The chaos in Frankfort over the University of Louisville has to be one of the more exasperating political spectacles we’ve seen in Kentucky over the last few years. Earlier this year, Governor Matt Bevin dissolved a trustee board at UofL that was mired in controversy and internal strife. University president James Ramsay offered his resignation and received a generous financial agreement to do so. It seemed that a new day was on the horizon for the University, at least until Attorney General Andy Beshear went to war with governor Bevin over the new trustee board. Beshear’s work against change at UofL accomplished a court order against Bevin’s moves, and now the school’s old trustee board is back and the institution is suspended in midair between its frustrated past and uncertain future.

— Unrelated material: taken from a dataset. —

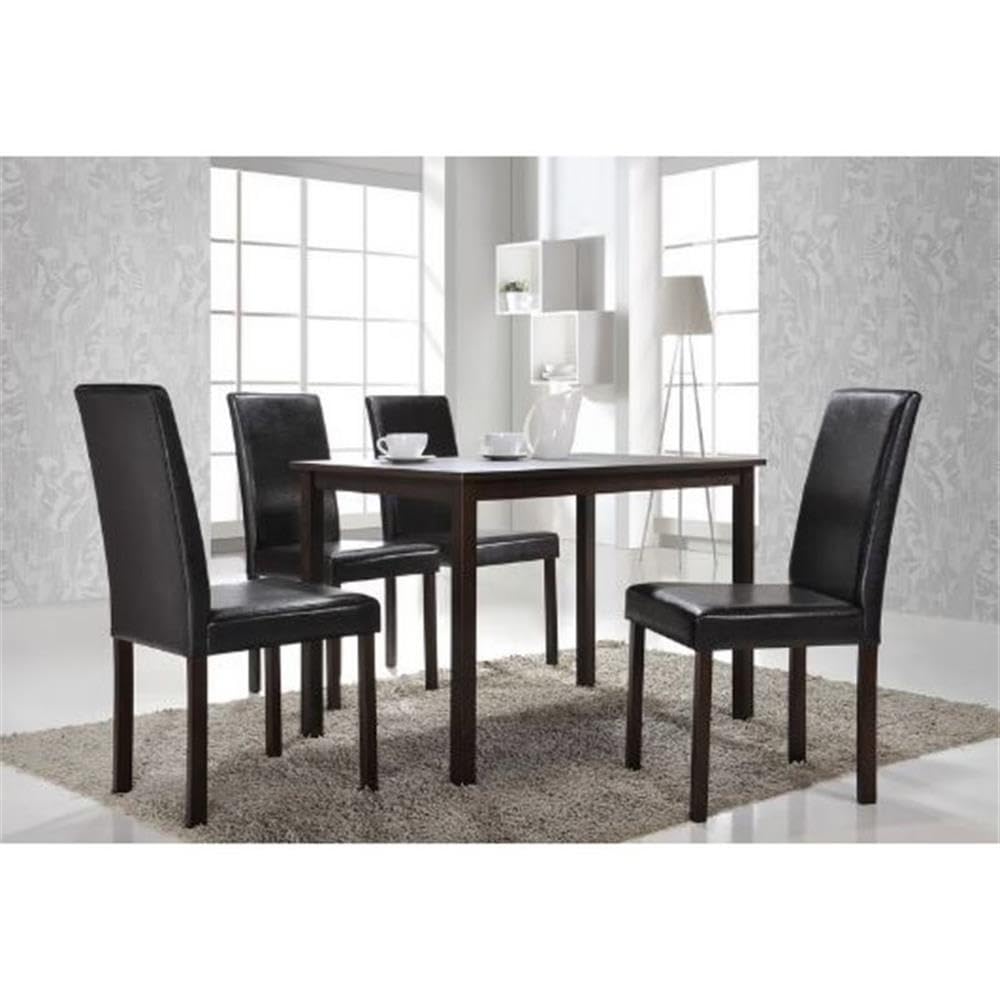 Baxton Studio Andrew 5-Piece Modern Dining Set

We are used to seeing gridlock, especially when a newly elected executive promises and delivers real change to a politically stagnant system. What is unexpected is the naked political weaponization of Kentucky’s higher education. Could there be any greater proof that our state’s colleges and universities are too soaked in partisanship than the UofL debacle? The purpose of schools like the University of Louisville and the University of Kentucky is to train, educate, and equip Kentucky’s students to excel in their communities and their lives. These schools exist to build Kentucky through building the minds and talents of her citizens. Yet what we see today are schools that exist mainly to operate as outposts of political elites. That is why so many college campuses have become battleground sites for culture wars instead of groundbreaking research. It’s why even our primary and secondary schools have embraced social experimentation, with co-ed locker rooms, while lagging far behind most of the country in academic standards.

When the state elected governor Bevin, he promised change. No one on either side of this issue believes that the U of L board as it existed when Bevin was elected was functioning healthily. But the political tug-o-war we see right now is not because Bevin’s actions are wrong but because they disturb a status quo that Frankfort was pleased with. That should disturb every Kentuckian who cares about the quality of the state’s higher education.

It’s high time to end the hyper-politicization of higher education. Let voters decide who is to govern, and let schools educate and train their students. But let’s not turn our institutions of higher learning into nakedly political weapons. This tired back and forth simply embarrasses the Commonwealth, mocks the will of voters, and worst of all, cheats Kentucky’s students.